Just Eat Takeaway.com is facing ejection from the FTSE 100 after the index’s compiler ruled it was a Dutch rather than a British company.
FTSE Russell, which decides which firms should leave or join the blue-chip index, said it had reviewed Just Eat’s nationality and reassigned the company from the UK to the Netherlands, making it “ineligible” for inclusion.
The watchdog’s recommendations are only indicative and will not be confirmed until after market close on 1 September.
UK-based Just Eat completed a £6.2b merger with Dutch firm Takeaway.com in 2020. The group bought US-based rival Grubhub in a £5.75b deal in June, creating the world’s largest food delivery firm outside China.

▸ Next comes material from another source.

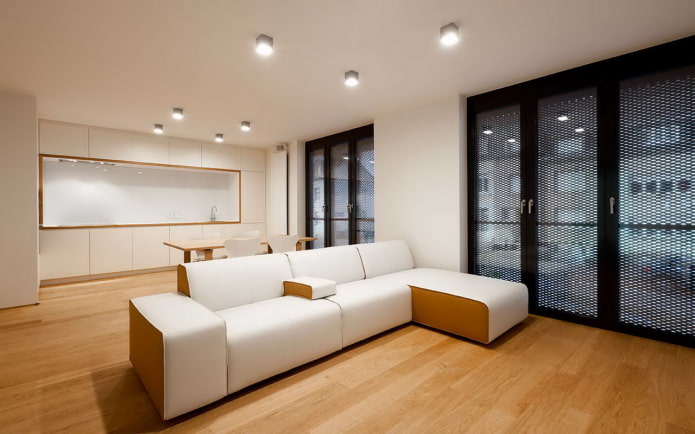 plankumi uz griestiem dzīvojamās istabas interjerā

FTSE Russell previously assigned Just Eat UK nationality on the basis of its intention to de-list from the Euronext Amsterdam stock exchange. However, after the Grubhub acquisition the firm was required to list on Nasdaq to minimise disruption for US shareholders. This led it to reconsider its decision to pull out of Euronext Amsterdam, leading to FTSE Russell rescinding its UK nationality.
A Just Eat spokesperson said it was taking “some time to determine the optimal listing venues for our long-term future”.
“The company will remain listed on the London Stock Exchange, Euronext Amsterdam and Nasdaq and a further announcement will be made in due course,” the spokesperson added.
Earlier this week Just Eat announced plans to create over 1,500 new UK customer service jobs in Sunderland over the next 12 months as part of £100m, five-year investment in the region.
The delivery firm processed 135 million UK orders in the first six months of 2021, a 76% increase on the same period last year. However, heavy investment in marketing, including sponsorship of UEFA Euro 2020, saw the company file a pre-tax loss of £60m.